Here’s his own take on the shindig:
My fear is that Buddhism in America is going exactly the same direction as punk did when it became codified into a single prevailing fashion and sound. There is an accepted group of tastemakers and trendsetters within American Buddhism. They are entrenched as such and seek constantly to reify their positions and to expand their influence…
This conference “further consolidates a power base for a select group of individuals to determine the mainstream Buddhist message” in the words of Marnie Louise Froberg in her blog Mudhashala. It’s not that these people can enact any sort of legislation that is in any way binding. But they do have the power of their magazines and their institutes to push their version of the American Buddhist status quo.
I agree with this, but I think there’s a dimension that he and Marnie Louise Froberg are missing: the Western Buddhist elite are running scared. Something important is happening, and they don’t understand it. They can’t understand from within their framework of “Boomeritis Buddhism.”
But, the “Maha Teachers” now understand that they don’t understand, and they are trying to figure it out. My guess is that is an unstated purpose of the conference.
If they do figure it out, they may try to quash it, or they may try to coopt it. (Much of the blogosphere comment so far has been concern about this.)
I hope, instead, that the Maha Teachers might genuinely embrace it. I’d like to think that the establishment Nice Buddhists are good guys; they are just locked into a wrong worldview. Maybe they can escape it. Maybe they’ll tear down the Consensus from within. (But that would mean letting go…)
Spitting on the Consensus
I’m blogging in a hurry, as events unfold, so I haven’t yet explained what the Consensus is. A big part of it concerns the proper role of Buddhist teachers. (This was the main subject of the 1993 Dharamsala Western Buddhist Teachers’ Conference, which established the Consensus.) Brad Warner’s description is that the Consensus says teachers should be professional, which he adamantly refuses to be.
In Karma Dipped in Chocolate, he plays up his having sex with a student, his marital infidelity, and his drug use. He doesn’t clearly explain why. Here’s my take on that.
The Consensus wants to have a bunch of legalistic rules about what Buddhist teachers can and cannot do. This is antithetical to at least some forms of Buddhism (including Zen and Vajrayana).
The point is that, in context, his sex & drug activities were clearly benign (assuming he is telling the truth about the context, which no one seems to dispute). Meanwhile, the Western Buddhist establishment’s attempts at standards, credentials, and governance has clearly failed to prevent genuinely bad behavior by Western Buddhist teachers. (The Genpo affair, on which Brad Warner and Marnie Froberg have both commented extensively, is the most recent major example.)

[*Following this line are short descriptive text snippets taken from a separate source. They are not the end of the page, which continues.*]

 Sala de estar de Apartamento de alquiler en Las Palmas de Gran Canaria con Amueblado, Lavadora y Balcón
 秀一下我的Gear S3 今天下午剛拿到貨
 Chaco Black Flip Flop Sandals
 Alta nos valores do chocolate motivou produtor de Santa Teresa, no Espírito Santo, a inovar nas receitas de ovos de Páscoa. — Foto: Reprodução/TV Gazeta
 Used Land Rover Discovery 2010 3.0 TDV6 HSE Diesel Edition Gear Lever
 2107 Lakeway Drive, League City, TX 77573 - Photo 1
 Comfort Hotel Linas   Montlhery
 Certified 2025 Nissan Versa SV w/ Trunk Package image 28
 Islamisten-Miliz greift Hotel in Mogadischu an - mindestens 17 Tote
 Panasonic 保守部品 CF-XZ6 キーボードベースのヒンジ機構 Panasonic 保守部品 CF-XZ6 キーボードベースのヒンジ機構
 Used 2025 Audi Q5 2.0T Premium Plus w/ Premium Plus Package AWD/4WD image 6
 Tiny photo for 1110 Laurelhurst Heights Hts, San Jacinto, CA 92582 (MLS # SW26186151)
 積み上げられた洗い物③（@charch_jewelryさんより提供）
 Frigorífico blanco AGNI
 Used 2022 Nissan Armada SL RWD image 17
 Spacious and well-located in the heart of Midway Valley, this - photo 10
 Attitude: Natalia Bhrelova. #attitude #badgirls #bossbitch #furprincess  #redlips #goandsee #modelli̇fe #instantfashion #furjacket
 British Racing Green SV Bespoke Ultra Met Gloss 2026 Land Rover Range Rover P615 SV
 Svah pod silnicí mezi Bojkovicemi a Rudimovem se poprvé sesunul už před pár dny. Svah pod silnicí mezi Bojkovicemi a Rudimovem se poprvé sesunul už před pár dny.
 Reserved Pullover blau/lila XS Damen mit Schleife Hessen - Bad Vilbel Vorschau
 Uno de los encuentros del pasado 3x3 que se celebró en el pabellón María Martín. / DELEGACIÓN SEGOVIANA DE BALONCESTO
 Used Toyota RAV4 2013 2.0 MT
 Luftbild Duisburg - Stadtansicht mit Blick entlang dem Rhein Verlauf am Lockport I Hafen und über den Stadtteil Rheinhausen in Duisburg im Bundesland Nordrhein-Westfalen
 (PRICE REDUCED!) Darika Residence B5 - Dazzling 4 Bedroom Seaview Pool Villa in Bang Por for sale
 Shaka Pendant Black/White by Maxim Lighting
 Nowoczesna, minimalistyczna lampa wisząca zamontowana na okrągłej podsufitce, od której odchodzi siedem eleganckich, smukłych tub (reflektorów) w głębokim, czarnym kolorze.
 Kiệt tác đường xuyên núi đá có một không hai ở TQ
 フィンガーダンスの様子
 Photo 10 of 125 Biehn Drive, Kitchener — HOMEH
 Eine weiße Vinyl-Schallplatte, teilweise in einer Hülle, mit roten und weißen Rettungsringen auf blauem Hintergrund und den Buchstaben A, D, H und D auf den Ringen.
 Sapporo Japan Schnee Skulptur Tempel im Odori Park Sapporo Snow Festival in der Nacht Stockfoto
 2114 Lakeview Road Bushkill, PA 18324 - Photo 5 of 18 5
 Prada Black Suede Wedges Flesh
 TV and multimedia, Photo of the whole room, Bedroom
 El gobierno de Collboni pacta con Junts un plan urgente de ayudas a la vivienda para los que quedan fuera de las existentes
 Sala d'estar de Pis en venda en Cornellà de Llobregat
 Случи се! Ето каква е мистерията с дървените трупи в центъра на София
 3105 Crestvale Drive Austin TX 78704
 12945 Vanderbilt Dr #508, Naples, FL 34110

This suggests that a legalistic approach of teacher behavioral standards can’t work. In fact, Zen and Vajrayana both make it explicit that rule-based ethics can’t work, more generally.
So, his sex & drug stories in Chocolate spit in the face of the Consensus.
[Update: Brad has blogged about my post here. (Thanks!) It’s a somewhat mixed review but does end “nice articles.” I’ve tried to correct the inaccuracies he noted.]